Sunday, July 30, 2006

Eff You, Grandma.

I'm working at the Art Gallery now, and some leather-coloured old bitty just came in, dressed from head to toe in Lululemon yoga clothes, stylish grey pixie cut on her lean golden-years-pilates body.

She asked where the Harrises were, and I pointed out the area. I said, "Robert Harris is on this side, and then there's a William Critchlow Harris nook over here."

She and her friend wandered off, and I heard leatherface tell her friend that Robert Harris was a member of the Group of Seven.

I called over, "Sorry for interupting, but that wasn't Robert Harris. That was Lawren Harris. Robert is a little too early." He also mostly did portraits while Lawren Harris was way more... Group of Seven-y.

She and her friend went on about their tour of the Harrises. She finished, and bee-lined back to me to say that although a lot of the Robert Harrises were very good, you could tell he wasn't very adept because his hands aren't very well done.

I was really taken aback, because I had paid special attention to the hands, as I had heard that hands are particularly difficult and a good touchstone to look out for.

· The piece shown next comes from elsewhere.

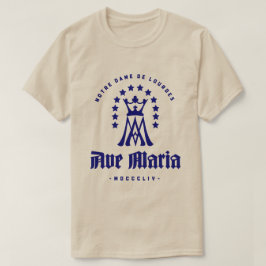 AVE MARIA NOTRE DAME DE LOURDES T-SHIRT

I said, oh! I thought they were quite good.

No, she said. Not really.

Then I was wondering, if she thought she was such an expert, why did she think this Harris was a part of the Group of Seven, while I'm almost totally ignorant of art history and I knew that, just by glancing at Robert Harris' work, that he didn't fit into that style?

Bye-bye, leatherface. Be off with you.


Holly said...

My lord... I think that woman taught me in high school. The pixie cut, the critical attitude, the yoga pants... the bitchiness!


Ben said...

How dare she call into question your expertise and authority!? You should have horsewhipped her. I mean, the *nerve*.